_TASK BRIEF_: Using the data that follows, say how many lines contain the word "Mesh", giving the number by itself.

_INPUT FOR THIS TASK_:

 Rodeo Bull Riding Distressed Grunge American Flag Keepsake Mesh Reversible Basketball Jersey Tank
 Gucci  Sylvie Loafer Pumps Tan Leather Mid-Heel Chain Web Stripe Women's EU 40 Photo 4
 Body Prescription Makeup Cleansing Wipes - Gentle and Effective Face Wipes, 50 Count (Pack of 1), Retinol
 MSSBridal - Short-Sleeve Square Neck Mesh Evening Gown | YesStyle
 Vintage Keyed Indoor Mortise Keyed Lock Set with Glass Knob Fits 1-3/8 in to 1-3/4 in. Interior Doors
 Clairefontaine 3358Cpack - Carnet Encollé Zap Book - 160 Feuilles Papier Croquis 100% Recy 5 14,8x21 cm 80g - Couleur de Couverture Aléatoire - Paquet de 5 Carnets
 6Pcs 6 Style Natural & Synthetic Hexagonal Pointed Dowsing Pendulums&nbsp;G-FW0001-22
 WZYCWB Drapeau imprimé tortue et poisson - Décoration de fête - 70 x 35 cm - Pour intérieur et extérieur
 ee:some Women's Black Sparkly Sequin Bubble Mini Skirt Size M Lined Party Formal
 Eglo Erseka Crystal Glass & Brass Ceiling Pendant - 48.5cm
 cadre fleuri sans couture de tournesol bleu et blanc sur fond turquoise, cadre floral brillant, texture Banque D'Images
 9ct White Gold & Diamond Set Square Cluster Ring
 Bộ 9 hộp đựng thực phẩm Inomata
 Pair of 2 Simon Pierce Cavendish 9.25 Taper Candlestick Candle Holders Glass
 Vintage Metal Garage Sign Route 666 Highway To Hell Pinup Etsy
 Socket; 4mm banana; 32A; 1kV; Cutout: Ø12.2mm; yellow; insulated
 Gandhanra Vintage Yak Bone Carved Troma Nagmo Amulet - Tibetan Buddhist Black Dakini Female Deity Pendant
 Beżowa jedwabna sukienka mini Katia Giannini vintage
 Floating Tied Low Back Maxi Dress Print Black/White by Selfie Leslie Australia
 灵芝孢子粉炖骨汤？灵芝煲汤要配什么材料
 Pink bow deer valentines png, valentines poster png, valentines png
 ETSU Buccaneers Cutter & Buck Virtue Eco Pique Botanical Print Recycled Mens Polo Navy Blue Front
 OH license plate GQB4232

_RESULT_: 2